MOST BOWHUNTERS USE A RELEASE; HERE’S HOW TO GET THE MOST OUT OF ONE.
At least 75 percent of all bowhunters now shoot using mechanical release aids, but very few of them use the devices to their maximum benefit. A skilled archer is much like a top offhand rifleman–the shot is squeezed off slowly as the sight traces small movements around the middle of the intended target. There is no flinching or a conscious lunge for the trigger. Learning to shoot a release really well takes practice, but first it takes a knowledge of the fundamentals of triggering the shot. Here’s how to split a hair with the two most popular release aid styles.
Bow (source internet)
A bowhunting buddy of mine shoots only three-finger releases because he loves being able to clip the release on the string below his arrow and just let it hang there until a nice buck walks past. He is able to keep his hands free while at the same time avoiding the need to load the release onto the string during the moment of truth. For him, it’s just grab ‘n go.
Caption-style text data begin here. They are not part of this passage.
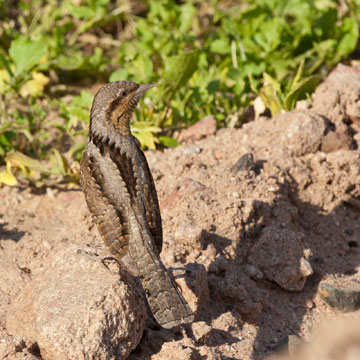 Eurasian Wryneck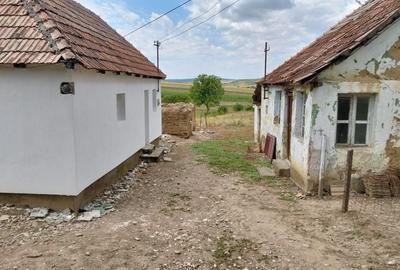 Casă cu 2 camere în Bălaia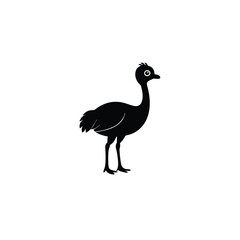Fototapeta premium peacock isolated on white background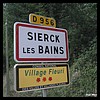 Sierck-les-Bains 57 - Jean-Michel Andry.jpg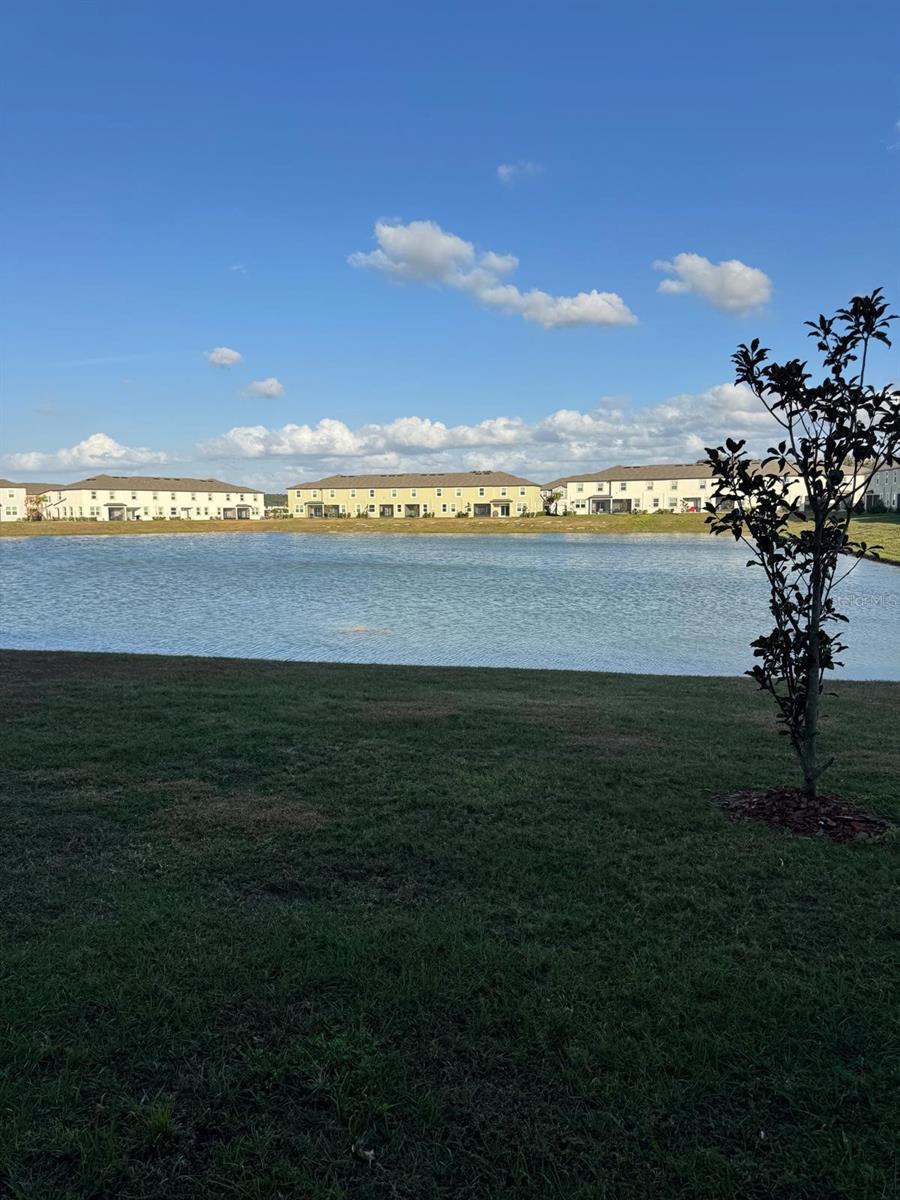 10308 Lavender Aster Trl Property Photo 18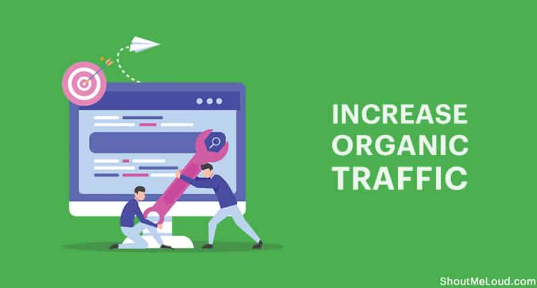 7 Easy Steps You Can Take Right Away To Boost Organic Traffic To Your Blog (Expert Picks) - 2022 - Mlmlegit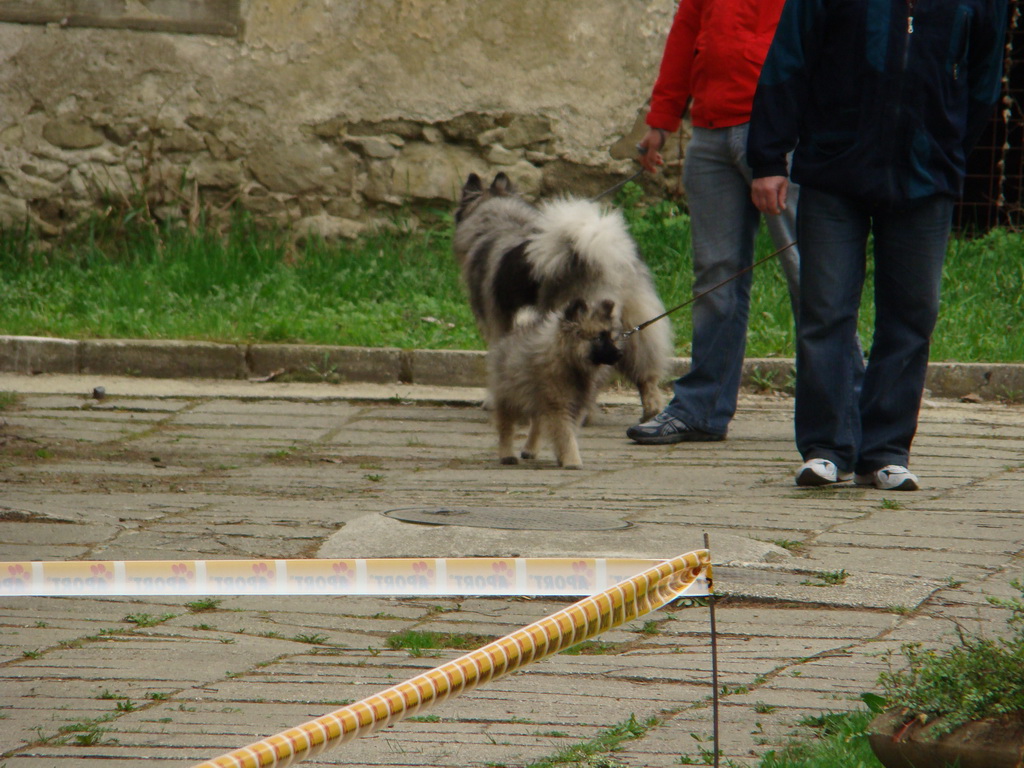 Špeciálna výstava Zemianske Kostoľany 12.04.2008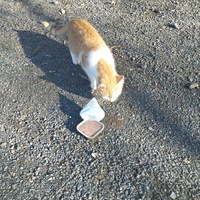 photo de livraison pour Hearthland Royal Horse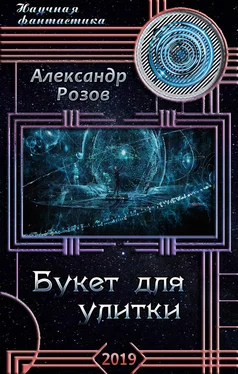 Александр Розов Букет для улитки обложка книги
You may find that it’s harder to shoot heavy hunting weight bows with the three-finger releases than with wrist-strap models because the entire draw weight must be held by the fingers. If you choose a three-finger release, make sure you keep an extra one handy. Take it from me, they are easy to lose and can be dropped from a tree stand as you fumble to get it out of your pocket. In fact, I keep a spare model of whatever release I’m shooting in my fanny pack just in case.
Technique: Competitive shooters trigger three-finger releases by placing their thumb on the release body, inverting their hand at full draw and squeezing through the shot with their back muscles. The top of the hand is naturally pulled over, or rotated, and the release’s trigger is forced into the stationary thumb causing it to fire without warning.